What Is the Pit?

The pit is a specific area of the trading floor that is designated for the buying and selling of a particular type of security through the open outcry system. In the pit, brokers match customers' buy and sell orders through shouting and hand signaling. Orders are displayed via the open outcry system to all traders in the pit in order to allow the chance for anybody to participate and to let people compete for the best price. Brokers and dealers trade their clients' orders as well as may place proprietary trades for their firms. Orders that are not executed in the pit are executed through electronic trading.

The Pit Explained

Pits, also called trading pits, have an octagon shape with several tiers to improve visibility. Brokers show their brokerage affiliations through their jacket colors and badges. Clerks take orders by phone or computer from customers, and runners transmit orders between the clerks and the brokers. Brokers and dealers may trade their shares and represent themselves, or they may work for firms and trade shares for clients or the proprietary accounts of their firms. Specialists work their own books on the floor of the pit, making a market in securities and keeping a ledger of orders awaiting execution.
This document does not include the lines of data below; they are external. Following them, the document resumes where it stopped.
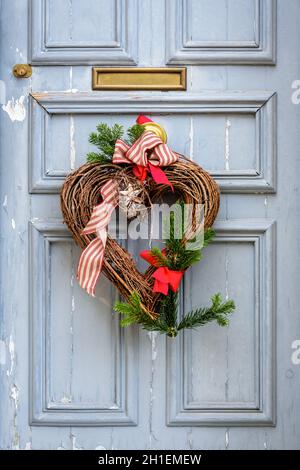 Vorderansicht einer herzförmigen Weihnachtsdekoration aus Ästen und Bändern, die an einer abgenutzten blauen Haustür mit Zierleisten hängt. Stockfoto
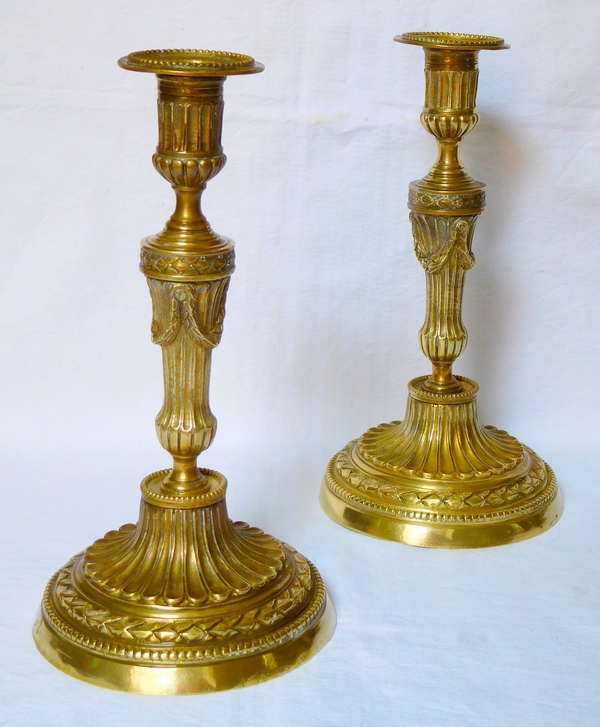 Pair of Louis XVI style bronze candlesticks - mid 19th century
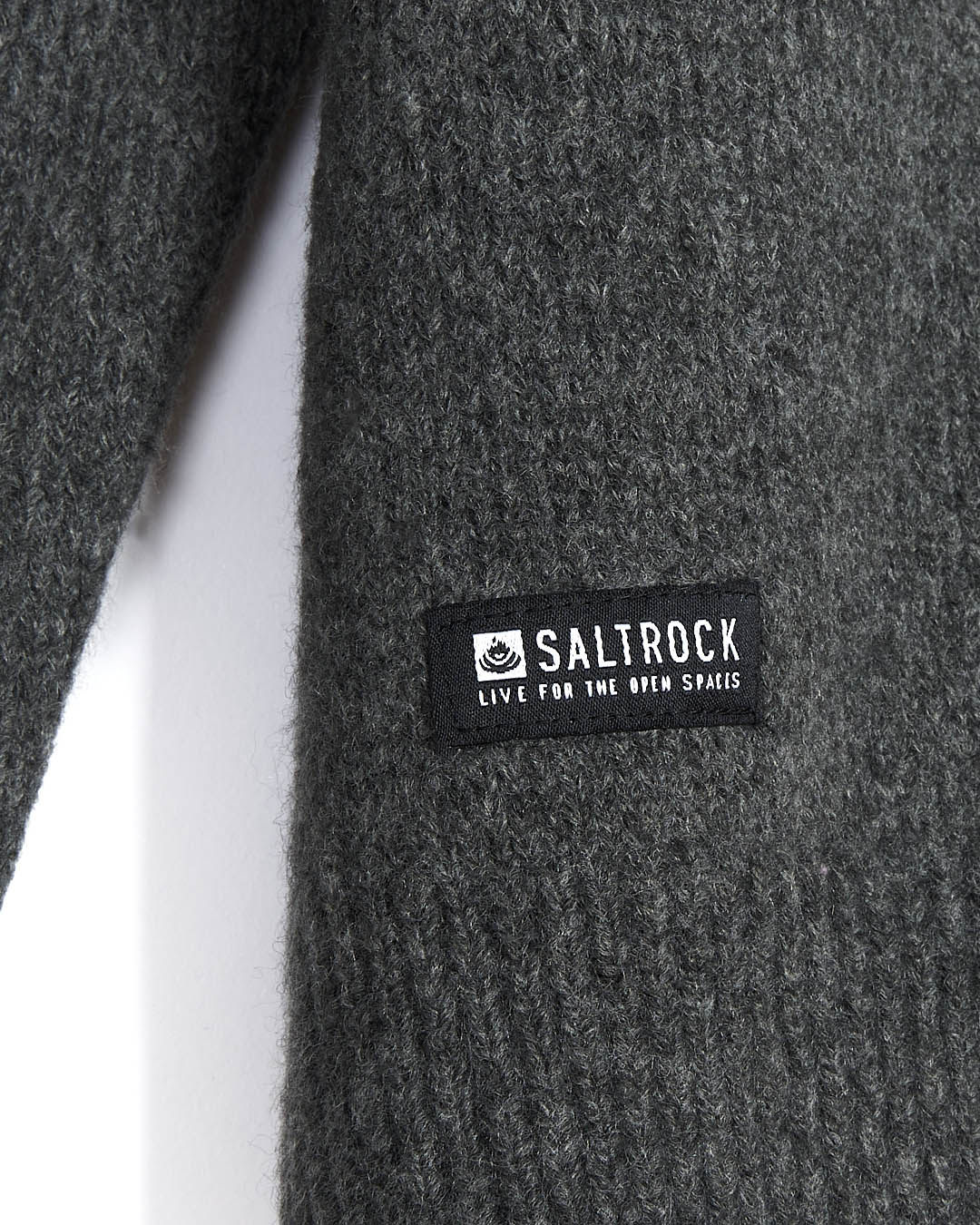 A close up of the Saltrock logo on the Bowen - Mens Knitted Crew - Dark Grey sweater.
In the noisy, fast-paced and chaotic environment of the trading pit, hand signals facilitate quick trading and make it possible to be "heard" above the crowd. For example, when a broker turns their palms toward their head, the broker is indicating a buy order, and when the palms are facing away from their head, they are indicating a sell order.
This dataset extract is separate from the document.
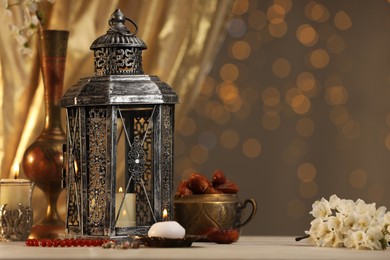 Photo of Arabic lantern, misbaha, candles, dates and flowers on table against blurred lights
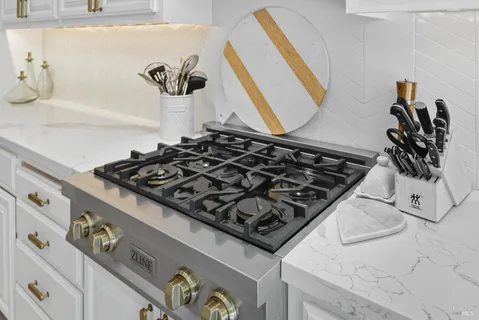 a view of a room with a large window and wooden floor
Although many proponents of the open outcry and pit environments feel that the ability to signal orders openly to a crowd and see the facial expressions of the participants creates additional market transparency, the trend in the last several years has been to move away from the open outcry system and towards electronic trading. Since the late 1980s and early 1990s, many of the world's large exchanges have made the transition. Electronic trading is cheaper to run than the open outcry system.